## Work order:
Return every line from the one with "Children's Car Print" through the one with "Rhinestone Bow Mary", inclusive, exactly as it appears below.

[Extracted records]
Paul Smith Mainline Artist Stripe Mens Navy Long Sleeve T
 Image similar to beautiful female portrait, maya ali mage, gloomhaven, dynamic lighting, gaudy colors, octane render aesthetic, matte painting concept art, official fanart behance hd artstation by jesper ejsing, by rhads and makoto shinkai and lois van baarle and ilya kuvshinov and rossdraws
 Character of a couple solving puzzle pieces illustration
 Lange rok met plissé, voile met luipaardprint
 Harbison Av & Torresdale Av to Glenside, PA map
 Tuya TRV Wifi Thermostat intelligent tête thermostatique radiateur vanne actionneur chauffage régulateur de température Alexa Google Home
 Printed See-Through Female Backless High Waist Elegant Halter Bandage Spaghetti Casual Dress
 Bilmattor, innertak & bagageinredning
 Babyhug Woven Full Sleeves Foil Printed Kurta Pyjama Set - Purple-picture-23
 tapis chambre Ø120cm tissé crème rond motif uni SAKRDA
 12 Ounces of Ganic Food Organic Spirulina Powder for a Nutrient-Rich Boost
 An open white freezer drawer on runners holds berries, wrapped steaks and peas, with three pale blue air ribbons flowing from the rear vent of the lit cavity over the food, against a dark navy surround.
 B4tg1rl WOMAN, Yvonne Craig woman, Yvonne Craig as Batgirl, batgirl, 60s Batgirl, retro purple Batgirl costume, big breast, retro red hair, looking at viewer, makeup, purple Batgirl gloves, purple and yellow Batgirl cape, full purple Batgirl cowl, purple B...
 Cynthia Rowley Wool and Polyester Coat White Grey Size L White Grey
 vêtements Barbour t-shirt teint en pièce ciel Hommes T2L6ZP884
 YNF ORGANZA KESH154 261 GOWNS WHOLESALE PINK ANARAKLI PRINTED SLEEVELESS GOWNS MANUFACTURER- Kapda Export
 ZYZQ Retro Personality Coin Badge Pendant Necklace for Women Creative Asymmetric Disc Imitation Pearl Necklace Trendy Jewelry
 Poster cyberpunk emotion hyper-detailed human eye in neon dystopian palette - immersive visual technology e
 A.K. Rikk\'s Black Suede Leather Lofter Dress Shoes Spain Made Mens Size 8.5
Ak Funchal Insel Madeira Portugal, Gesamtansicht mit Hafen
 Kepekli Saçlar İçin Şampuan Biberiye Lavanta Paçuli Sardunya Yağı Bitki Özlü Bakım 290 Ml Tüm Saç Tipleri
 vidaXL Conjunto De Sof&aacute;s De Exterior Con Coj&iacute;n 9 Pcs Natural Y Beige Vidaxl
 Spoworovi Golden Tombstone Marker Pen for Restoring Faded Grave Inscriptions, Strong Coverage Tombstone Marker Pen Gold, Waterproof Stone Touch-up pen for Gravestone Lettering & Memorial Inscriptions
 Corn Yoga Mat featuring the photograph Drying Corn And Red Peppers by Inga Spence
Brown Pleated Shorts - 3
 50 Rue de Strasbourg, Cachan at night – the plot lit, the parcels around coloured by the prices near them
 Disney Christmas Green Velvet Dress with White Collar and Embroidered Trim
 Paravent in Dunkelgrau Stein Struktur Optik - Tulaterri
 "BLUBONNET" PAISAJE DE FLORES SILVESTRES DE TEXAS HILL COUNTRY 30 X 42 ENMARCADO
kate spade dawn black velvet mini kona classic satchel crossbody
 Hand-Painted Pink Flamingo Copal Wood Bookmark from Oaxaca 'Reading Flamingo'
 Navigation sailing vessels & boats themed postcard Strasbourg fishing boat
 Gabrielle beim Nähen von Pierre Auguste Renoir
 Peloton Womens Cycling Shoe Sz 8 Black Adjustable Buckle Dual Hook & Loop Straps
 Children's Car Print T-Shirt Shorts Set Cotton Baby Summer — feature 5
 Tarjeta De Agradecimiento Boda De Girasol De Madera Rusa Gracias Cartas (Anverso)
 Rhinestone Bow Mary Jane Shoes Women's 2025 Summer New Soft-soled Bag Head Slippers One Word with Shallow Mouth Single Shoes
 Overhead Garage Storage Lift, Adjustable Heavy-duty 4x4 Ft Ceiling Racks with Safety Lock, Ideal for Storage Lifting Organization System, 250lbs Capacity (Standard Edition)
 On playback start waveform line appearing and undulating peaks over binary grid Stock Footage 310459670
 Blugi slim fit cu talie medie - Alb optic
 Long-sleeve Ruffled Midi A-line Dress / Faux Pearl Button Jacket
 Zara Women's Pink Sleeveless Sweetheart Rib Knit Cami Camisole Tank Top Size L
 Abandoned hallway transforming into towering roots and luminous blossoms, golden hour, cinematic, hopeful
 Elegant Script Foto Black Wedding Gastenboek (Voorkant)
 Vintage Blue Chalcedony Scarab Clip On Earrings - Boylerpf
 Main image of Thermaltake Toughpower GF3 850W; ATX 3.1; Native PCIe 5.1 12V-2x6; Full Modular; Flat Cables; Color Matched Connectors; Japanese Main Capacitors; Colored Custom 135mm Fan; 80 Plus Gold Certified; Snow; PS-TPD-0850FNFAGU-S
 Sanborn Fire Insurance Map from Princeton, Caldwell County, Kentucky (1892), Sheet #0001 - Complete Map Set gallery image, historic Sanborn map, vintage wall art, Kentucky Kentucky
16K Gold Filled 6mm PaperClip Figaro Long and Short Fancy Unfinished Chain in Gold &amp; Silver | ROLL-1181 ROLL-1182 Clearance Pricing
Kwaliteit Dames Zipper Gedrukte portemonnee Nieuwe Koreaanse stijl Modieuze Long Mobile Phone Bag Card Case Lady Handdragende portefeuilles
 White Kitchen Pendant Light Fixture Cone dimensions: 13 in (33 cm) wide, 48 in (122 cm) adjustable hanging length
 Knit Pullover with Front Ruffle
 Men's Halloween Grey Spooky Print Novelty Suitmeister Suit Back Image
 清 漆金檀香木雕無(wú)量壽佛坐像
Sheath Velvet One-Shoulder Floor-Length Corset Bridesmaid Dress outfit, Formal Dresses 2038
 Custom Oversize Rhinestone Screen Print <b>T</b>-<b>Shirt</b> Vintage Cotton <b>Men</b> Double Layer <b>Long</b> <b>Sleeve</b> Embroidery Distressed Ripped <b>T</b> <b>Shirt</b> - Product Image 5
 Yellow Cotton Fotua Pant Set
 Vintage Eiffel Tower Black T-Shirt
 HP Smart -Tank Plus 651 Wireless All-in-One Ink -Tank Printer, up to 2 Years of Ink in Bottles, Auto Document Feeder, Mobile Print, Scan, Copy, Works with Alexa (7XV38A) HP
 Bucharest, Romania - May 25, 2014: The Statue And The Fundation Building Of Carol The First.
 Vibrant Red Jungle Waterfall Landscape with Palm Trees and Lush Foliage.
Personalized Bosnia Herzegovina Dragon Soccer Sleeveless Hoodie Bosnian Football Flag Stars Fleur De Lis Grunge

## Result of this task:
 Children's Car Print T-Shirt Shorts Set Cotton Baby Summer — feature 5
 Tarjeta De Agradecimiento Boda De Girasol De Madera Rusa Gracias Cartas (Anverso)
 Rhinestone Bow Mary Jane Shoes Women's 2025 Summer New Soft-soled Bag Head Slippers One Word with Shallow Mouth Single Shoes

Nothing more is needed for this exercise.